Tintri, in its SEC filing, said it had $125.1 million in revenue for fiscal year 2017, its last full fiscal year, which ended January 31. That was up 45 percent over the $86.0 million the company reported for the 2016 financial year.
Sales grew 72.7 percent in 2016 compared to fiscal 2015. Sales in fiscal 2015 were up 92 percent over the year prior.
Sales to U.S. federal, state, and local governments account for under 10 percent of revenue. About 30 percent of total revenue came from outside the U.S. in fiscal 2017.

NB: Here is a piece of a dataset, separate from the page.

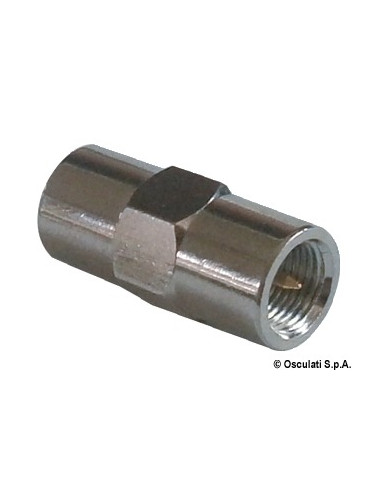 Accessori per antenne GLOMEX Glomeasy Line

Losses Increasing Faster That Sales
Tintri claimed a net loss of $105.8 million in fiscal 2017, up less than 5 percent over the loss of $101.0 million in fiscal 2016. The fiscal 2016 loss, however, was up over 45 percent of 2015's loss of $69.7 million, indicating improved finances.
Tintri said that, as of April 30, it has had accumulated losses of $376.0 million. The accumulated losses could grow as Tintri continues to ramp up hiring and investment in developing its product and services offerings.
Sales Quality Improving
Tintri said its software sales are showing strong growth, with stand-alone software license revenue now accounting for 17.4 percent of total revenue. The company also reported 13 deals of over $1 million in fiscal 2017, up from three in fiscal 2015. That, combined with improved scale, lower component costs, and repeat purchased by existing customs gave the company a 65 percent gross margin in fiscal 2017.
The Competition
Tintri in the SEC filing acknowledged competition from numerous established companies, especially large system vendors including Dell EMC, NetApp, Hitachi Data Systems, HP Enterprise, IBM, and VMware. Smaller competitors include Nutanix, Pure Storage, and Nimble Storage, which in March was acquired by HPE.

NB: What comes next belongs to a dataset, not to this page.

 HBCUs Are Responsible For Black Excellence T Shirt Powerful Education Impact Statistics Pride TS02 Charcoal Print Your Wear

Tintri is not shy about competing, as seen in this poster Tintri set up in the baggage claim area of the Las Vegas airport to greet attendees of the Dell EMC World conference in May.
Channel Is Key To Success, Or To Failure
Tintri depends on channel partners and distributors for a substantial majority of its sales, with 89 percent of fiscal 2016 and 85 percent of fiscal 2017 sales coming from partners. The company also depends on its channel partners to manage the customer sales process and to generate sales opportunities. Tintri had 388 global channel partners as of April 30 and it plans to increase that number.

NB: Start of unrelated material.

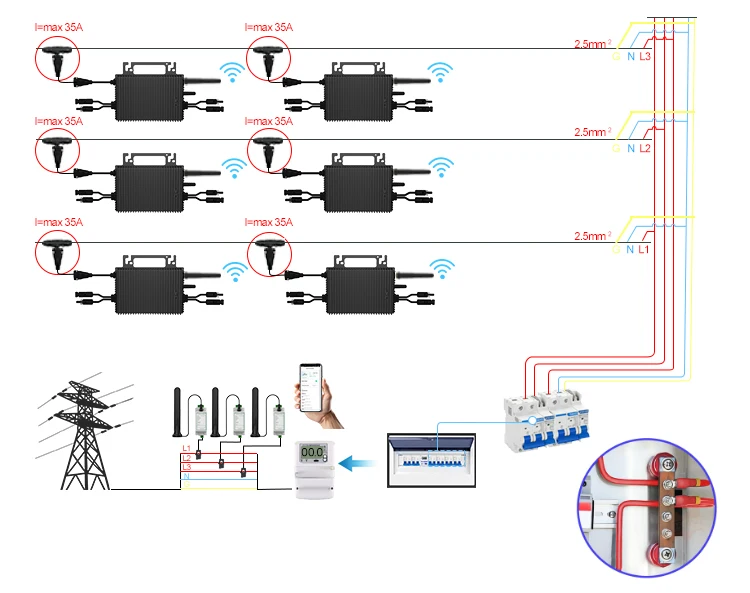 2026 Neuerscheinung 1200W Solar-Mikrowechselrichter mit Anti-Rückfluss-Netzanschluss 0A Ausgang mit APP WLAN 5m Kabel IP67 Wasserdicht – Detail 6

"If we fail to maintain existing channel partners or develop relationships with new channel partners, our business, operating results and financial condition may be adversely affected," the company wrote in the SEC filing.
'Huge Fan' of Tintri
Aaron Cardenas (pictured), CEO and founder of P1 Technologies, a Hermosa Beach, Calif.-based solution provider and Tintri channel partner, said he is a huge fan of the company and has already sold Tintri technology to a dozen large enterprise accounts in Southern California.
"We haven't had a single issue," Cardenas told CRN. "Every client says it’s the best product they own. I'm glad to see they are doing an IPO."
Cardenas said the biggest problem with Tintri to date is that it is a company with nearly no marketing. "They've done an abysmal job of marketing," he said. "I call it the best storage company you've never heard of."
The IPO could be a selling point for Tintri, or not, Cardenas said. "Look at Nutanix, Pure Storage, and Nimble Storage," he said. "They're stock price charts looked like ski slopes.